Abstract The successful separation of photoexcited charge carriers and their effective utilization are crucial for overcoming the slow kinetics of the four-electron process for photocatalytic oxygen evolution. Herein, a novel strategy utilizing urea as a source of N-doping on Ca 2 Nb 3 O 10 nanosheets is adopted, followed by the successful deposition of Co single atoms (Co-SAs) to achieve a synergistic effect. The presence of N-dopants and Co-SAs is validated via various experimental techniques.

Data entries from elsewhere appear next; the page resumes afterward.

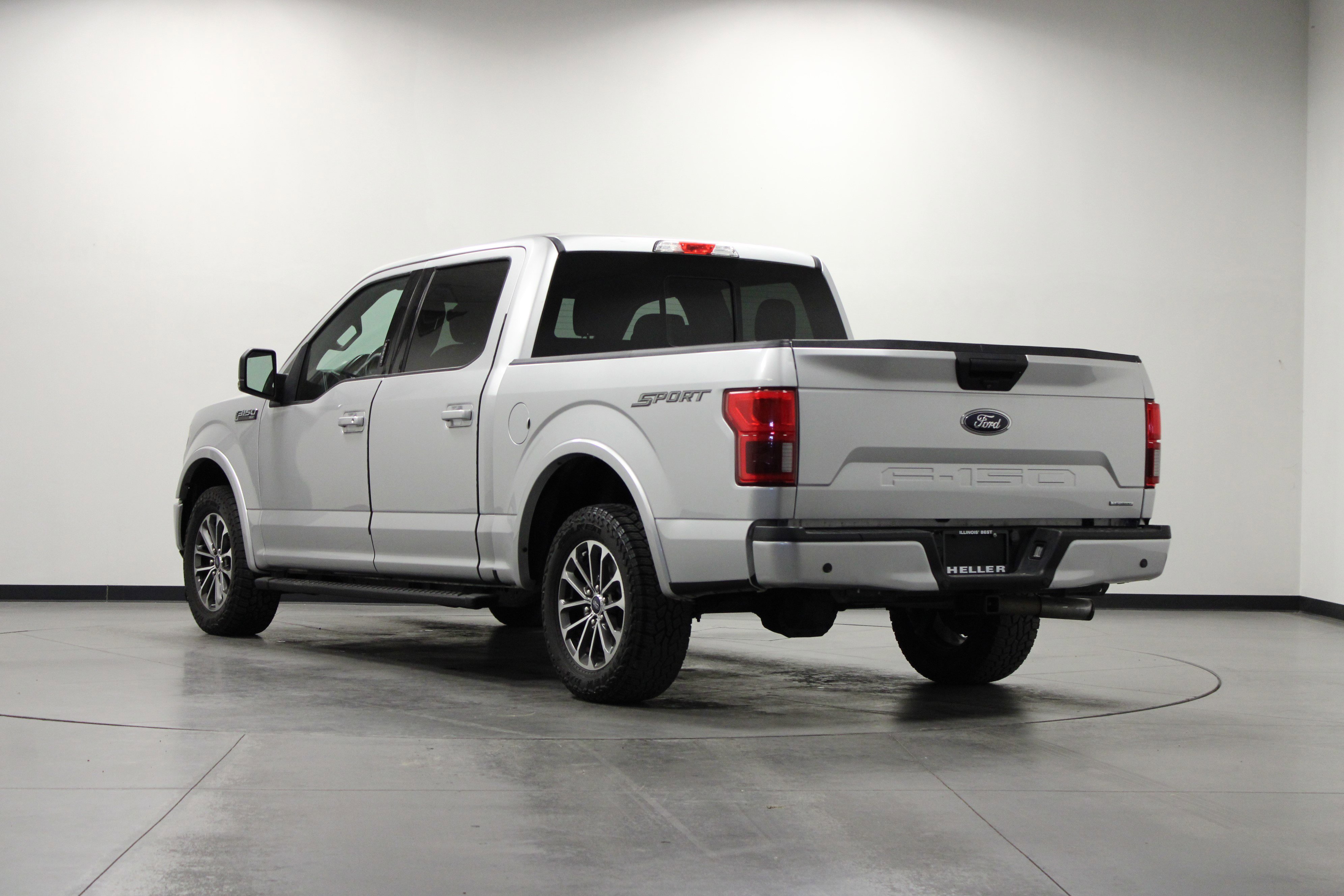 Used 2019 Ford F150 XLT w/ Equipment Group 302A Luxury image 7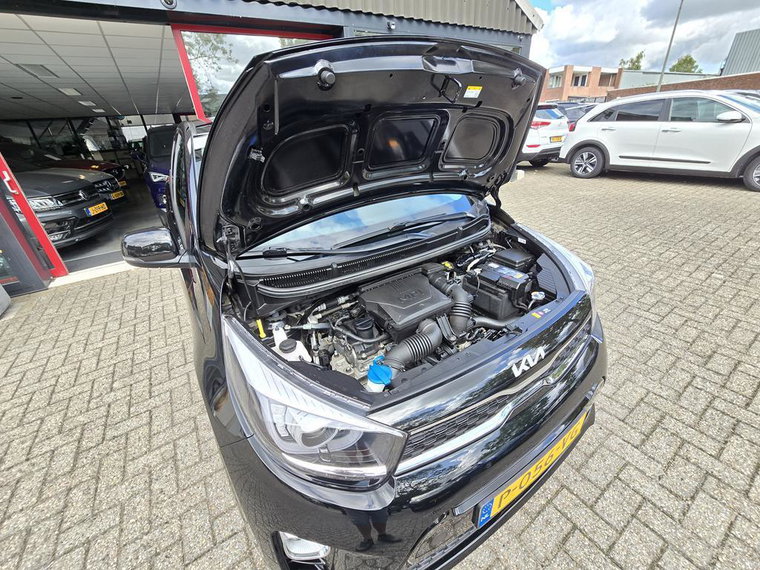 Vehicle Image 31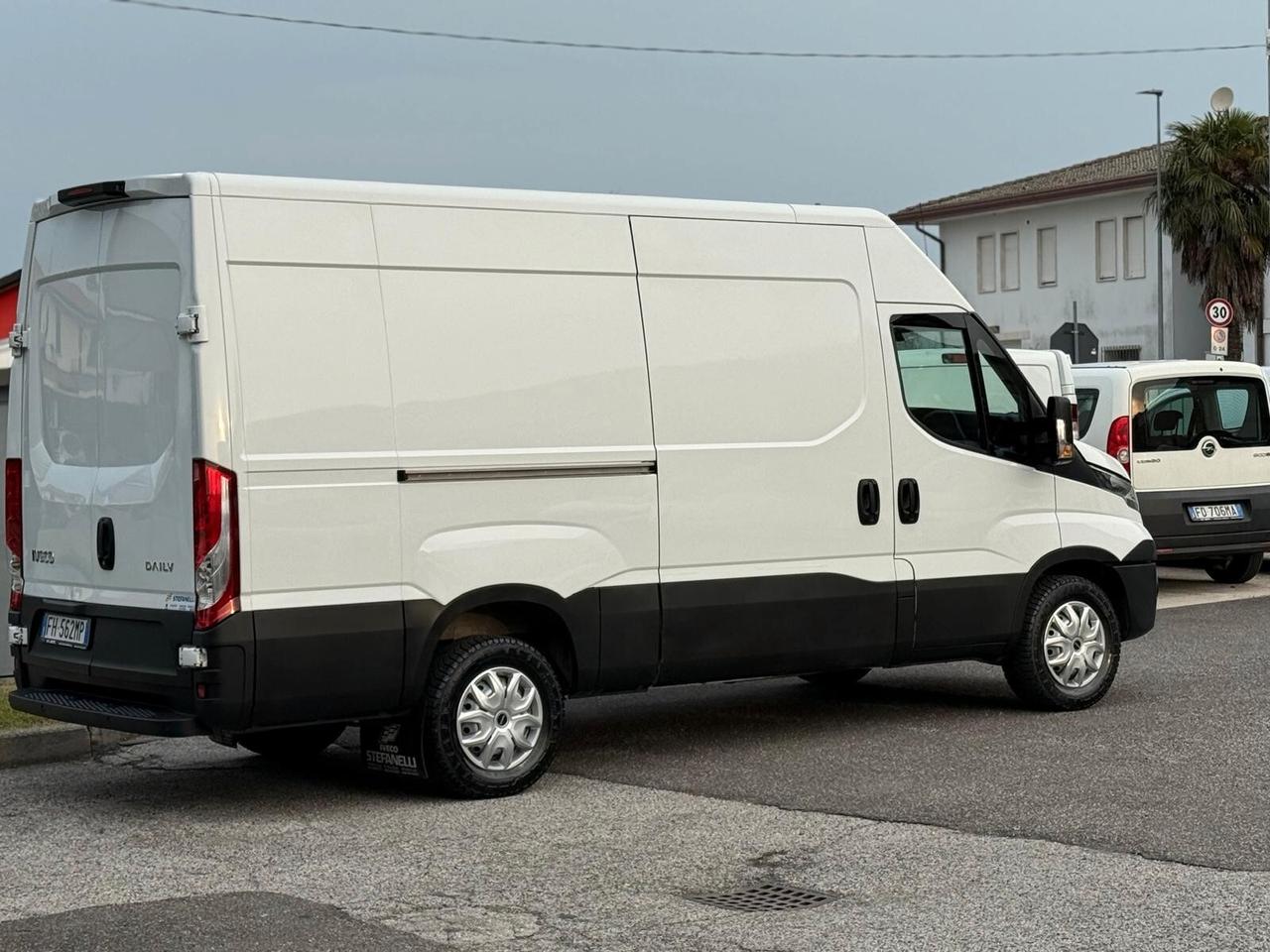 IVECO DAILY 2.3 MLJ 35-140 136CV 3 POSTI L3H2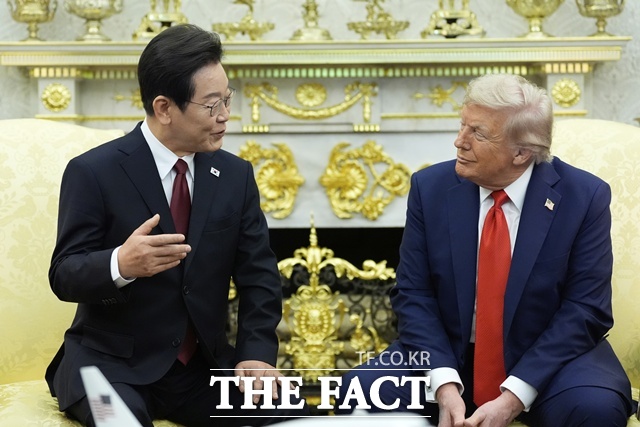 이재명 대통령과 도널드 트럼프 미국 대통령이 25일(현지시간) 오후 백악관에서 정상회담을 진행하고 있다. /워싱턴=AP·뉴시스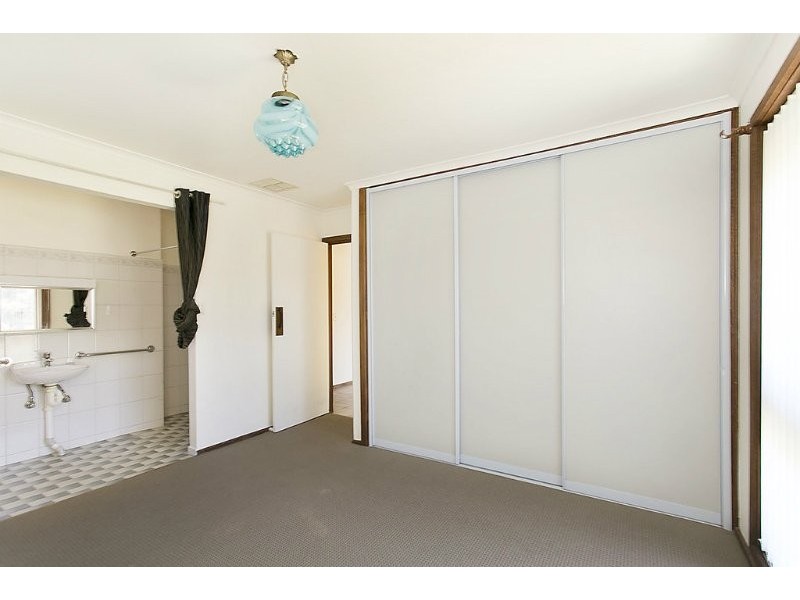 14 Manitoba Way, West Lakes SA 5021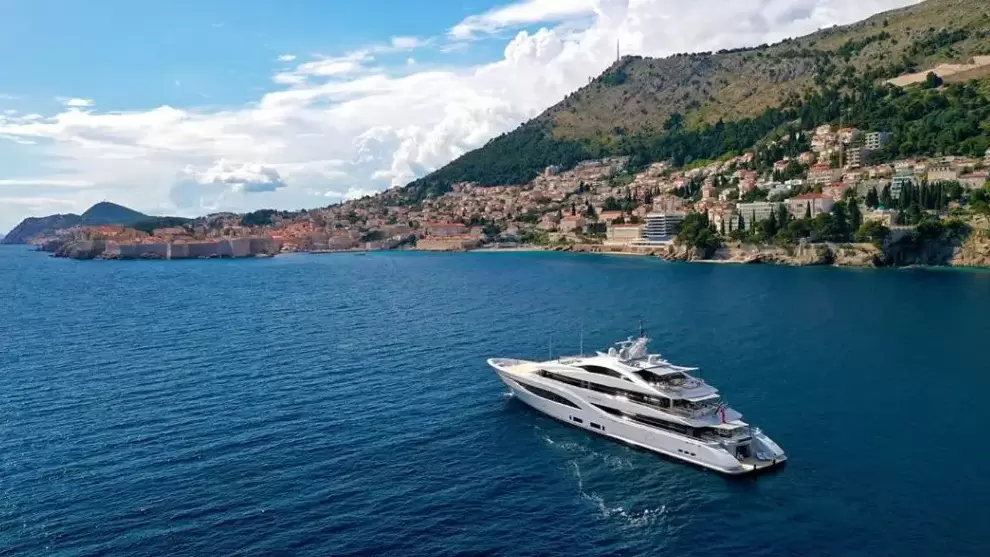 斐帝星（Feadship）Arrow超级游艇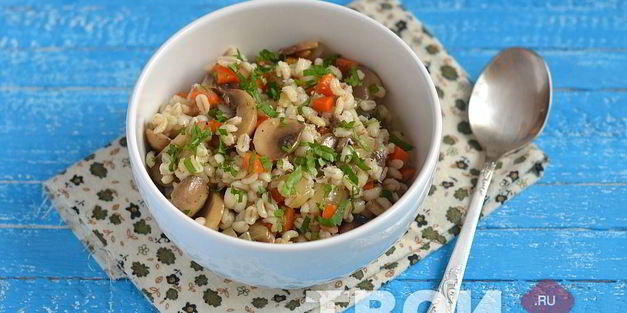 перловая каша с грибами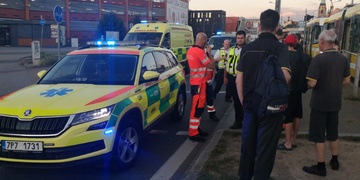 Opilý Slovák vešel přímo před jedoucí tramvaj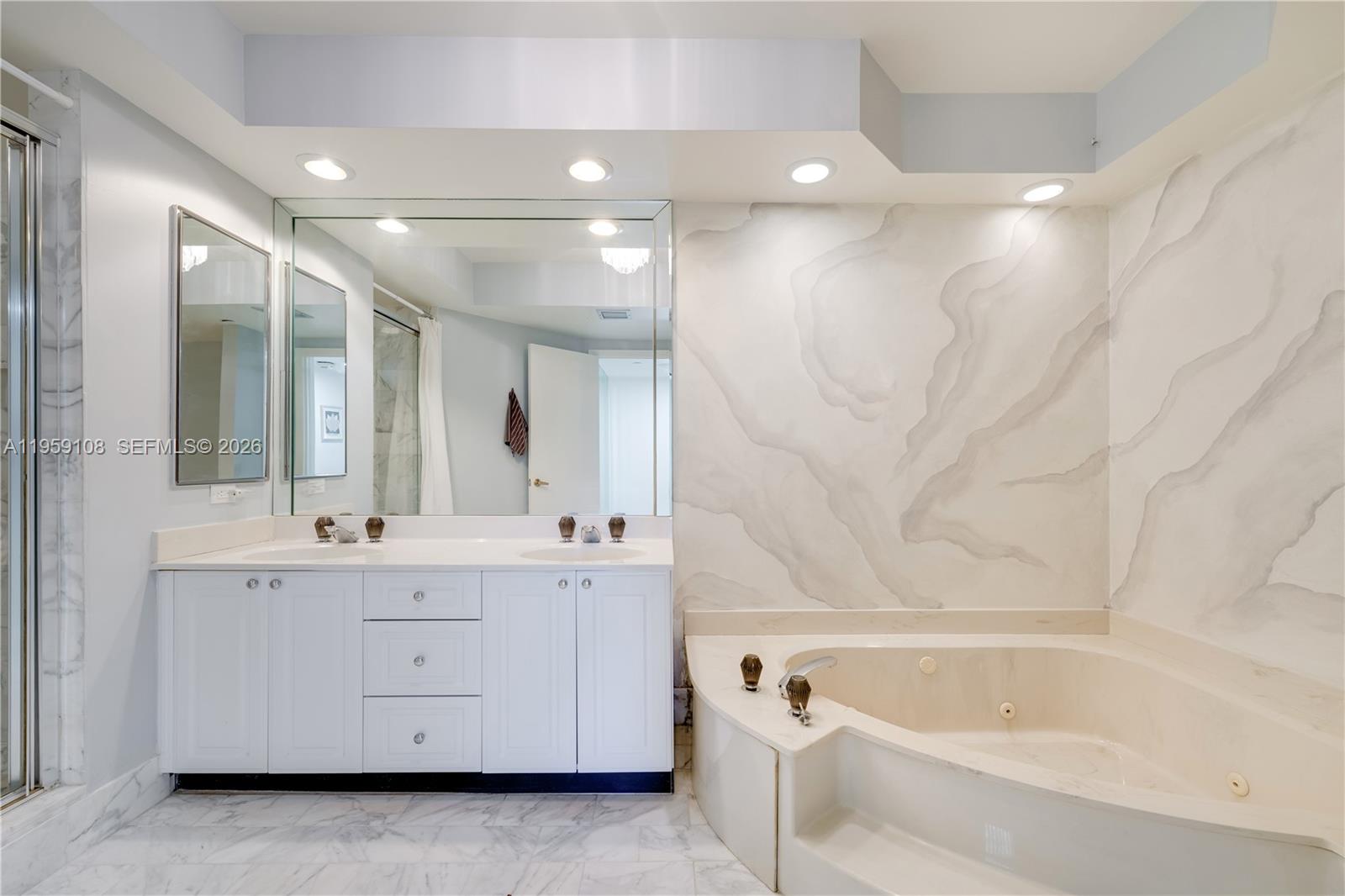 image Hamptons West15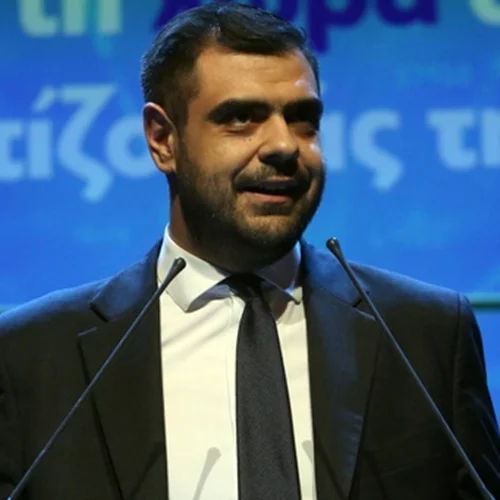 Παύλος Μαρινάκης | Πατέρας για πρώτη φορά ο κυβερνητικός εκπρόσωπος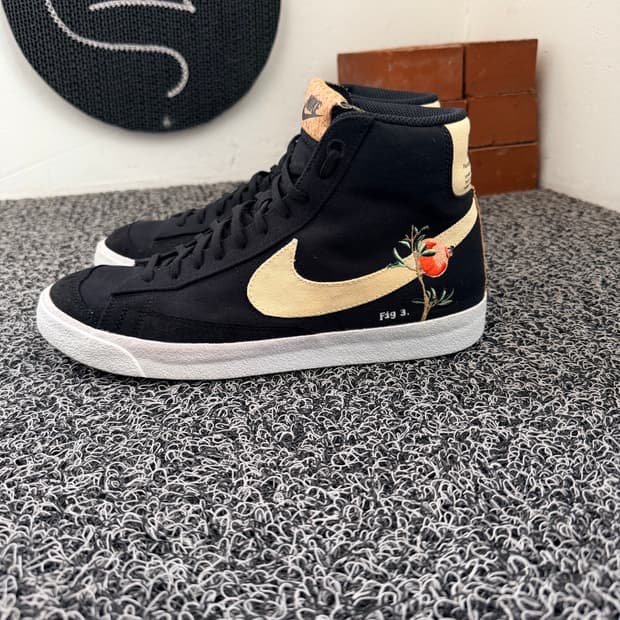 나이키 블레이저 미드 77 석류 블랙 265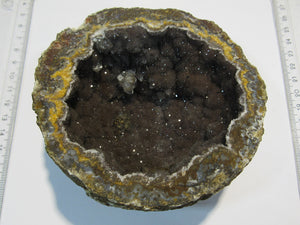 Amethyst fein violett Achat Druse Goethit Nadeln halbe Geode 11cm Tizi n Tichka, Mexiko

It is also observed that the presence of N-doping contributed towards the deposition of higher content of Co-SAs (0.21 wt%) in Ca 2 Nb 3 O 10− x N x -Co SA nanosheets compared to 0.15 wt% for non-doped Ca 2 Nb 3 O 10 -Co SA . The optimized Ca 2 Nb 3 O 10− x N x -Co SA nanosheets exhibited an impressive photocatalytic O 2 evolution of ∼727.22 µ mol g −1 h −1 via the synergy of N-dopants and Co-SAs. As a result, the O 2 evolution response of Ca 2 Nb 3 O 10− x N x -Co SA is 3.6 times higher than that of pristine Ca 2 Nb 3 O 10 nanosheets (201.26 µ mol g −1 h −1 ), 2.24 times better than Ca 2 Nb 3 O 10− x N x nanosheets (323.42 µ mol g −1 h −1 ), and 1.77 times higher compared to Ca 2 Nb 3 O 10 -Co SA , (409.33 µ mol g −1 h −1 ), which clearly demonstrated the synergistic effect of N-dopants and Co-SAs in Ca 2 Nb 3 O 10− x N x -Co SA nanosheets. Based on the findings of various characterization techniques, the co-presence of N-dopants and Co-SAs is observed to contribute towards better charge carrier separation, and utilization to achieve superior photocatalytic response. Thus, this study presents a novel approach for incorporating N-dopants and Co-SAs on Ca 2 Nb 3 O 10 nanosheets, which can be extended to a wide range of nanosheets produced by the soft chemical exfoliation method.